The plant species richness, evenness, dominance and diversity indices for both P. hysterophorus invaded and uninvaded areas are shown in Table 2. The study results indicate that all P. hysterophorus invaded areas had higher species richness (R = 58) than uninvaded areas (R = 39). and the difference was significant (p = 0.043) at 5% level of confidence. Although plant species in uninvaded were more even (E = 0.644) than invaded areas (E = 0.063), dominance was found to be higher in invaded (D = 0.579) than uninvaded areas (D = 0.052). Consequently, the plant species diversity became greater in uninvaded (H’ = 3.
224) than invaded areas (H’ = 1.312). This finding is in line with what Etana et al., (2011) found during the assessment for impact of P. hysterophorus on herbaceous plant diversity of Awash National Park in Ethiopia.

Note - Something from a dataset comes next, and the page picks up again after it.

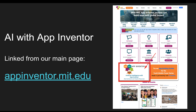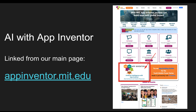You can reach the tutorial page from our main page at appinventor.mit.edu. If you look at the middle of this page, you'll notice there's a section called Artificial Intelligence with App Inventor. When you click on that, you'll come to all of the tutorials we'll be talking about in a minute.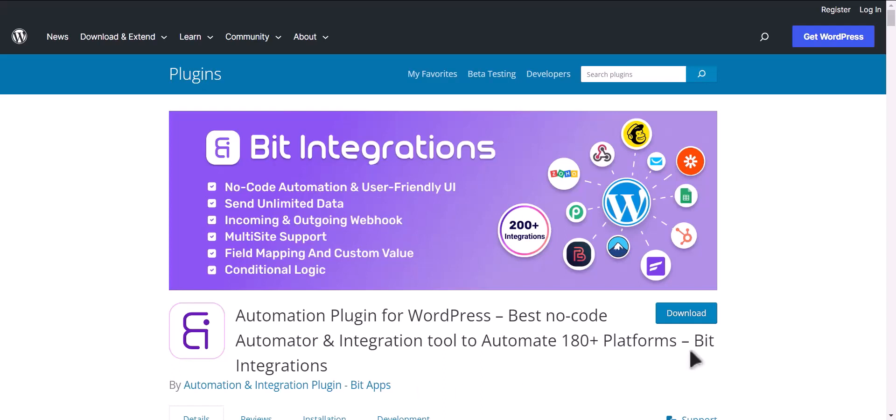I am utilizing the Bit Integrations plugin to establish a connection between these two platforms.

The difference in species richness is attributed to high level of regeneration following soil disturbance. All invaded areas were characterized by bare grounds and patches (Figure 4 (d) and (e)) opened for secondary colonizers. This observation is supported by the fact that created patches allow penetration of sunlight and water necessary for the growth of plants whose seeds could have been in the soil.

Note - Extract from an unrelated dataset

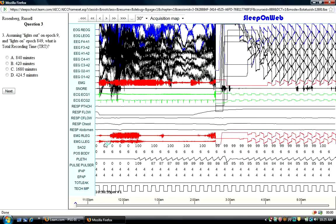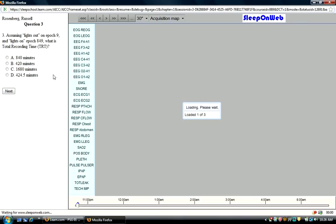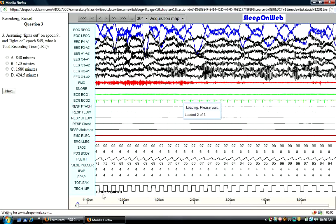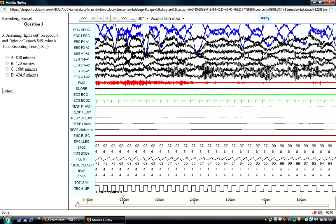You'll also find that the question will advance you to a place in the study that the answer is most apparent to you, or at least a good starting point for you to determine where the answer is. Don't forget in the lower left-hand corner you can determine the time of the study as well as the epic number.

In addition, disturbance could have created environmental heterogeneity because of difference in soil temperature, aeration, moisture and soil nutrients, hence suitable for other organisms like warthogs, elephants that could be dispersing P. hysterophorus seeds and seeds of other plant species. In relation to that, Kyayesimira and Lejju, (2015) studied the vegetation regeneration in formerly degraded hilly areas of Rwampara, South Western Uganda from which they noted that regrowth and emergence of new species occur after disturbance.
These new species are formed either from the soil seed bank or are dispersed into the site from the outside. Furthermore, the soil disturbance could have given P. hysterophorus an opportunity to establish its weed monoculture on bare grounds that gradually weakened even the survival of drought tolerant herbaceous plants in vicinity (Etana et al., 2011).
The same scenario was noted at Black water River State Forest in Florida (Holzmueller and Jose, 2012), where invasion of invasive species (87%) had occurred following disturbance by fire and from that, disturbance was strongly related to invasion.The pre-dominance of invaded areas by P. hysterophorus can be explained by its allelopathic properties. According to laboratory studies of P. hysterophorus leaf extract on germination, leaf area, shoot and root length, shoot and root dry weight of Triticum aestivum, Cicer arietinum, Brassica camestris, Avena fatua, Asphodelus tenufolius, Lolium rigidum, a concentration which is above 25gl- caused adverse impacts on all mentioned growth parameters (Hassan et al., 2018; Arne et al., 2018). From reproductive biology point of view, P. hysterophorus flowers within 28-42 days after seedlings emerge (Steven and Shabbir, 2014), and a single plant produces 25000 seeds (Adkins et al., 2010). Therefore, P. hysterophorus exerts control over the occurrence of other plant species through strong competition for plant growth nutrients, water and sunlight. If all these invasion strategies are coupled with suitable Ugandan climatic conditions for its growth and establishment, P. hysterophorus becomes a persistent strong colonizer and competitor in QENP plant community.
The same strategies make its establishment a success and its control difficult. Therefore, it is envisaged that in QENP, P. hysterophorus may reduce forage available for grazers and browsers and affect animal and human health if allowed to continue spreading and establishing itself. The study recorded lower values of species diversity index in P. hysterophorus invaded area than uninvaded area, which indicates the effects of its dominance that caused unequal abundances of plant species. Furthermore, P. hysterophorus being the most dominant plant species, is responsible for low evenness values of the plant species in this area.